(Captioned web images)

*** Block opens ***

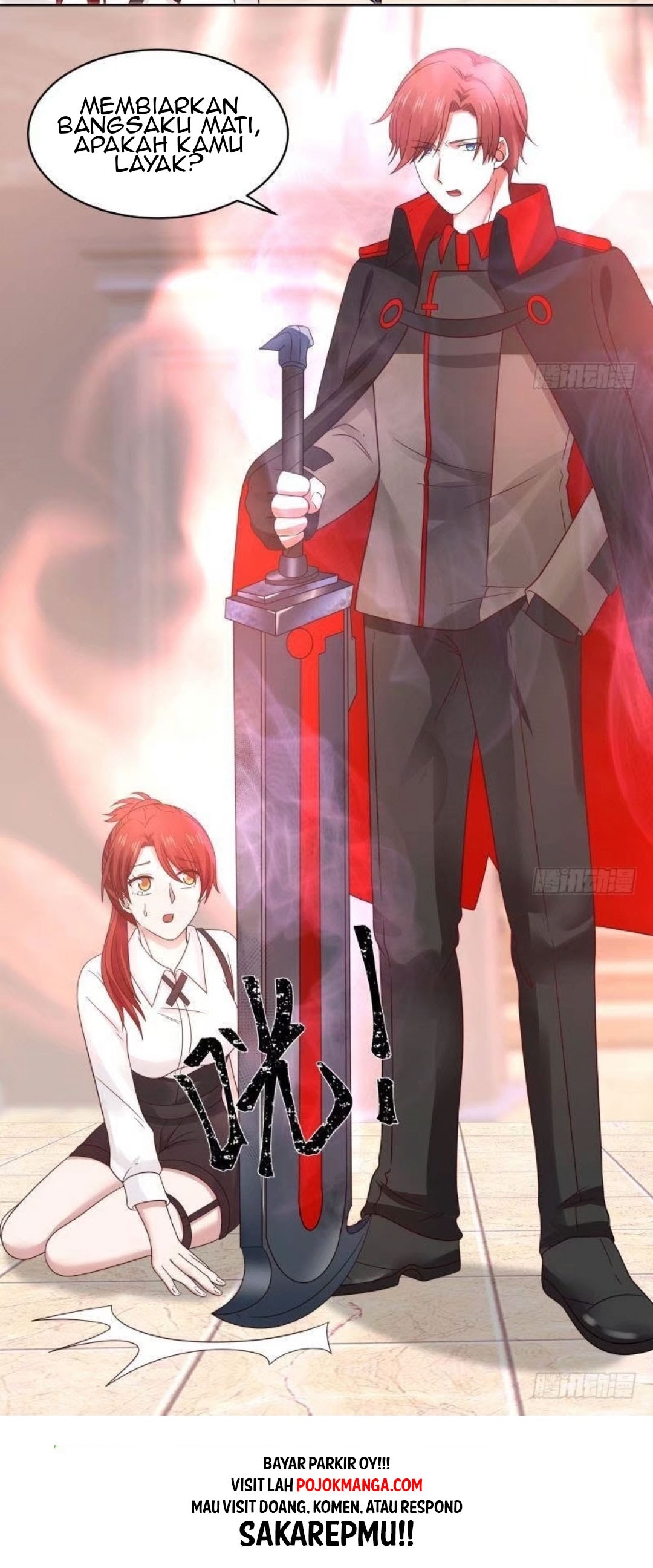 Metropolitan Killing Arrogant Immortal Chapter 16 Gambar 24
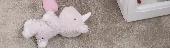 My daughter dropped her baby Pink and white soft cuddly unicorn teddy whilst sho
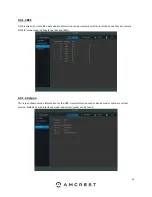 Предварительный просмотр 54 страницы Amcrest AMDV108116 User Manual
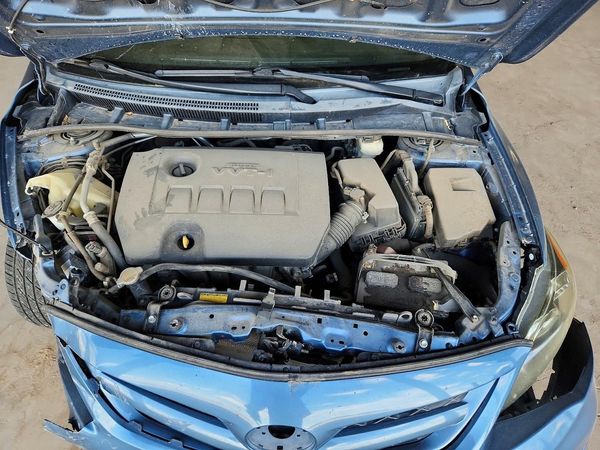 2013 TOYOTA COROLLA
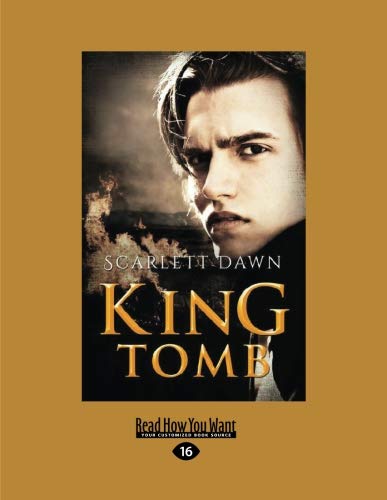 King Tomb: A Forever Evermore Novel
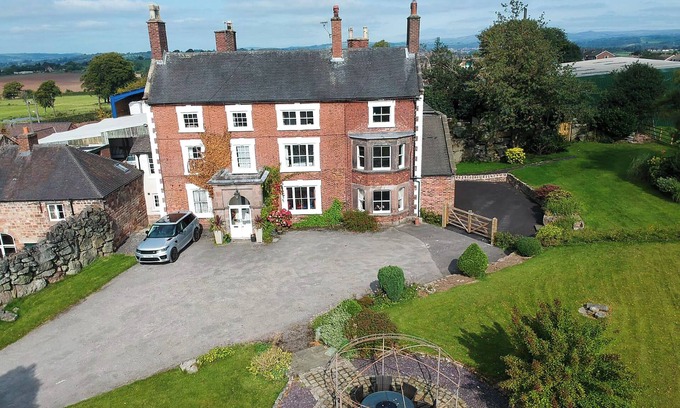 Leek Cabaña | Alojamiento de 2 habitaciones en Cheddleton, near Leek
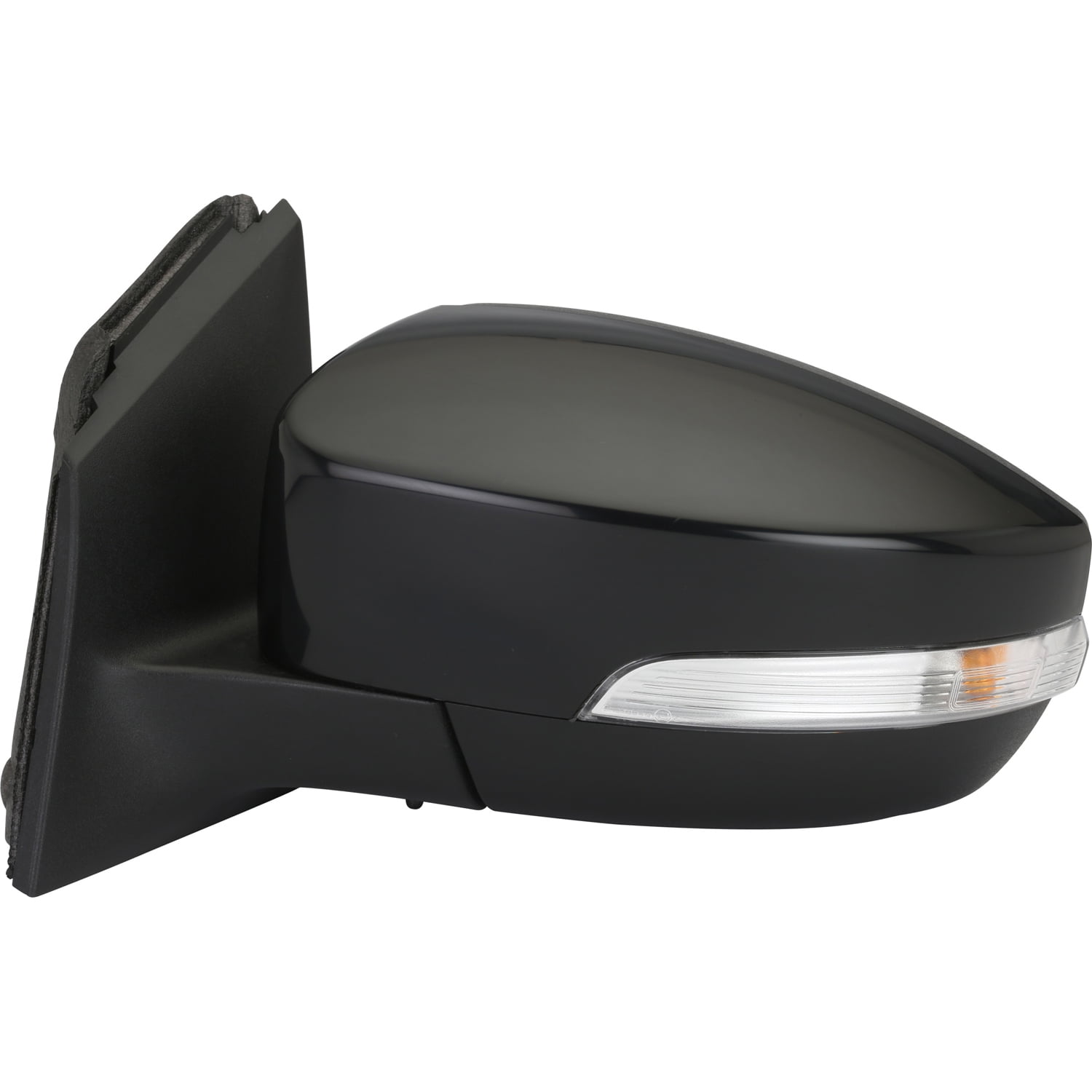 FO1320583 Driver Side Power Door Mirror for 20152016 Ford Focus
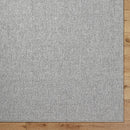 Keiandra Modern Light Gray Area Rug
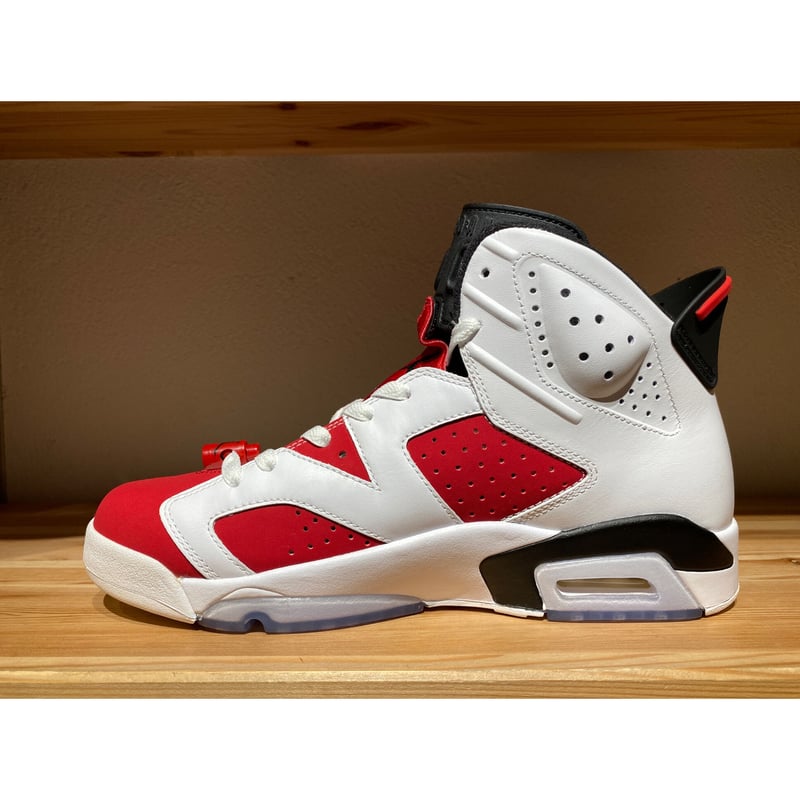 ☆CARMINE - NIKE AIR JORDAN 6 RETRO (2014年発売) |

*** Block closes ***

[Directions]
The output must match the records word for word, except that no pictures appear.

[Final answer]
 Metropolitan Killing Arrogant Immortal Chapter 16 Gambar 24
 My daughter dropped her baby Pink and white soft cuddly unicorn teddy whilst sho
 Предварительный просмотр 54 страницы Amcrest AMDV108116 User Manual
 2013 TOYOTA COROLLA
 King Tomb: A Forever Evermore Novel
 Leek Cabaña | Alojamiento de 2 habitaciones en Cheddleton, near Leek
 FO1320583 Driver Side Power Door Mirror for 20152016 Ford Focus
 Keiandra Modern Light Gray Area Rug
 ☆CARMINE - NIKE AIR JORDAN 6 RETRO (2014年発売) |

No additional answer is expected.